И Николай, который до этой минуты был человеком озабоченным, но стойким, вдруг проявляя слабость, уронил свою голову ей на грудь и зарыдал, зарыдал, словно ребенок. Он долго не мог успокоиться, но когда взял себя в руки, стал неистово покрывать поцелуями руки своей жены и затем, упав перед ней на колени, сдавленным голосом, словно робкий юноша, проговорил:
— Прости меня, моя любимая. Прости мою душу грешную!
* * *
Тем временем Корнилов распорядился заменить верную царю дворцовую гвардию и офицеров эскорта простой солдатней, грубой и невежественной, теми солдатами, которые первыми попались ему под руку. Это означало, что отныне в Александровском дворце устанавливался тюремный режим.
Петроград жил в какой-то странной атмосфере радости, страха и повального пьянства. Все видные государственные деятели прежнего режима находились под арестом, газеты увенчивали лавровыми венками революцию. Слово «Свобода!» теперь звучало повсюду не как благородный призыв, а как прямая угроза! На улицах — полным-полно бандитских рож, солдат, дезертировавших из своих полков, уволенных рабочих, крикливых баб, — все они продавали и с удовольствием покупали листовки с карикатурами на царя. Самые скабрезные, смачные, глупейшие шутки вызывали взрывы смеха у этой толпы, такой грубой и невежественной, что только различного рода безумства могли вывести ее из состояния апатии.
Перепуганные мешане и дворяне, опасаясь, как бы их не раздели прямо на улице, прижимались к стенам, и, совершив перебежку из магазина и обратно домой, чтобы не умереть с голоду, тут же возвращались в свои красивые особняки и пропадали в их глубинах, чтобы их больше никто не видел.
На улицах Петрограда практически нельзя было встретить ни одного полицейского. Брошенный на произвол судьбы город напоминал собой свалку мусора. Домашние слуги убегали со своего места работы, чтобы вступить в революционные комитеты, в которых накапливались жалобы и угрозы против государя с государыней. В Царском Селе Александровский дворец нельзя было узнать. Двор разбежался, некоторых придворных арестовали. Другие находились уже далеко. По широким коридорам, по которым ранее неслышно ступали по мягким, пушистым коврам, слонялась солдатня в грязных сапогах, в расстегнутых гимнастерках, в фуражках, съехавших набекрень, — небритые, неряшливые, шумливые, они почти все были пьяными.
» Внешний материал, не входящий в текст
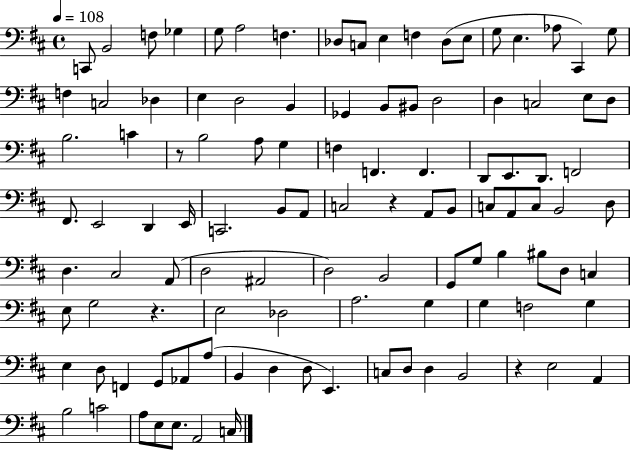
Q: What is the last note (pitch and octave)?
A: C3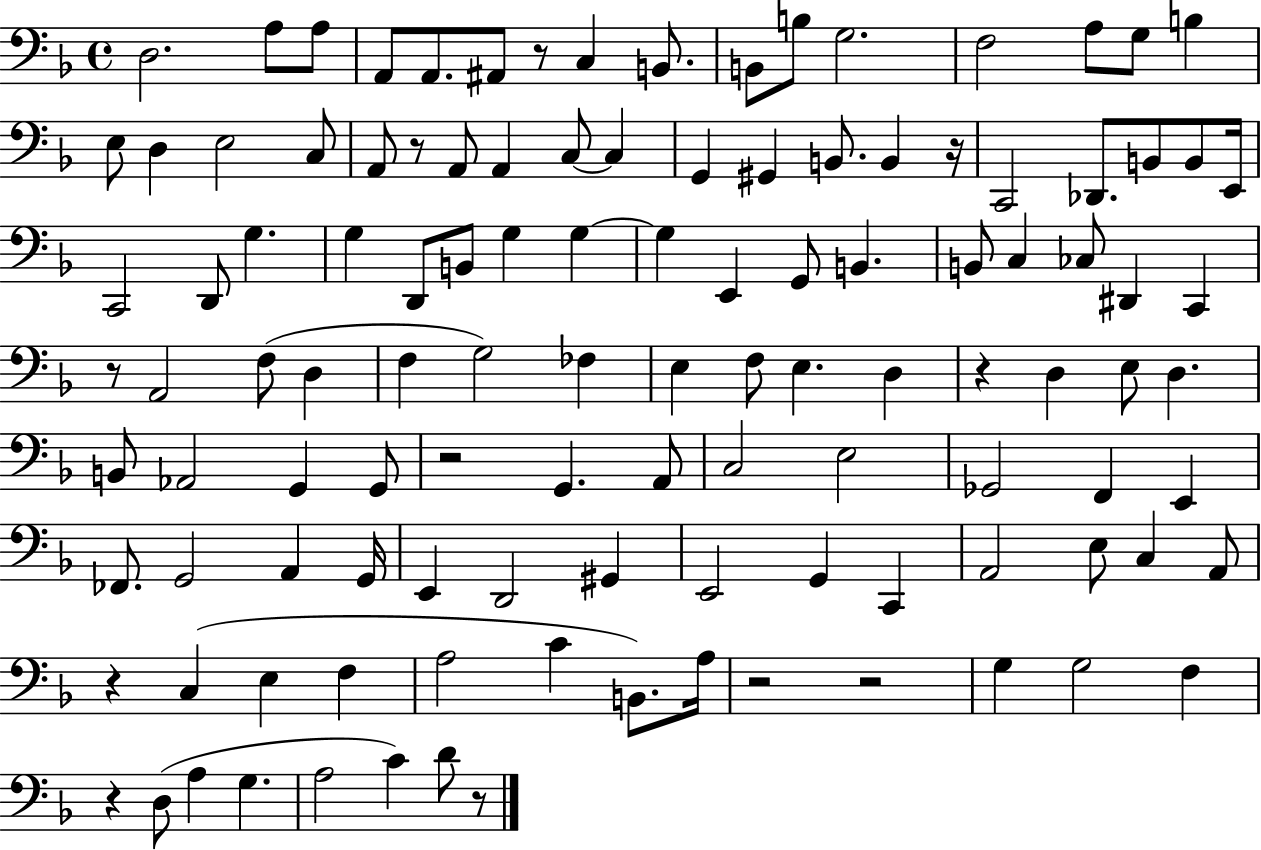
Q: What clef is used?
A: bass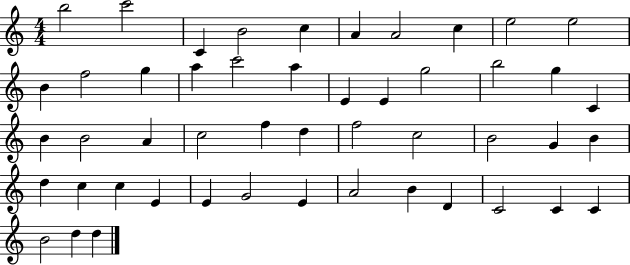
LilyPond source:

{
  \clef treble
  \numericTimeSignature
  \time 4/4
  \key c \major
  b''2 c'''2 | c'4 b'2 c''4 | a'4 a'2 c''4 | e''2 e''2 | \break b'4 f''2 g''4 | a''4 c'''2 a''4 | e'4 e'4 g''2 | b''2 g''4 c'4 | \break b'4 b'2 a'4 | c''2 f''4 d''4 | f''2 c''2 | b'2 g'4 b'4 | \break d''4 c''4 c''4 e'4 | e'4 g'2 e'4 | a'2 b'4 d'4 | c'2 c'4 c'4 | \break b'2 d''4 d''4 | \bar "|."
}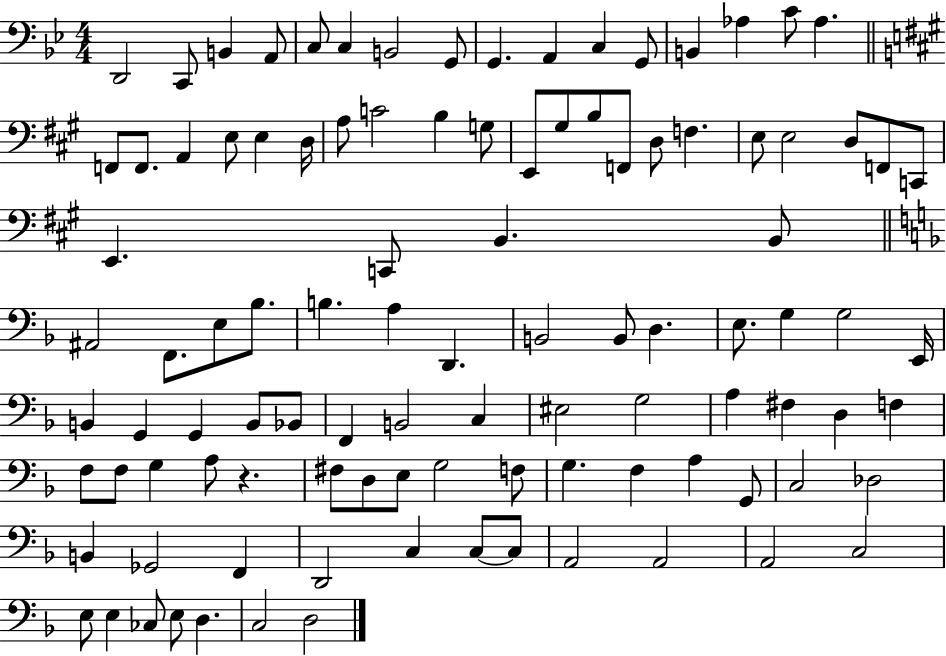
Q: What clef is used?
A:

Они бесцельно шатались по дворцу и днем и ночью, бесцеремонно заглядывая в комнаты. О какой верности бывшей императрице могла идти речь!
Граф Апраксин, долгие годы бывший гофмейстером императрицы, под каким-то благовидным предлогом исчез на следующий день после возвращения Николая. Нигде нельзя было найти ни графа Граббе, ни генерала Нарышкина, главы военного кабинета императора. Он так ни разу и не пришел навестить императора. Саблин, любимый адъютант, тот самый, которого вся семья считала своим настоящим другом, Саблин, осыпанный милостями и такими почестями, которые вызывали громадную зависть у его сослуживцев, тут же повернулся к своим благодетелям спиной. Граф Гендриков, бывший вице-губернатор Орла, тоже заявил о своей лояльности Временному правительству. Но глава нового правительства князь Львов отказывался от его услуг. В отличие от этого высокопоставленного государственного чиновника, его сестра, фрейлина императрицы Наталья Гендрикова поступила иначе, — она решила до конца раз- делиты^удьбу государя с государыней и последует за ними не только в ссылку, но и вместе с ними примет смерть.
Император, несмотря на столько испытываемых неудобств, дезертирств, измен, все же ухитрялся сохранять свою мягкость.
Все же несколько верных слуг оставались с ним рядом. Но среди них не было тех, к кому он был больше всего благосклонен и расположен, и разумеется, мог бы рассчитывать на их поддержку.
Милейший князь Долгорукий, граф Татищев хотели только одного — оставаться со своими хозяевами, и когда им предложили свободу, они с презрением от нее отказались, заявив, что предпочитают разделить судьбу тех, кому они верой и правдой служили и кого любили.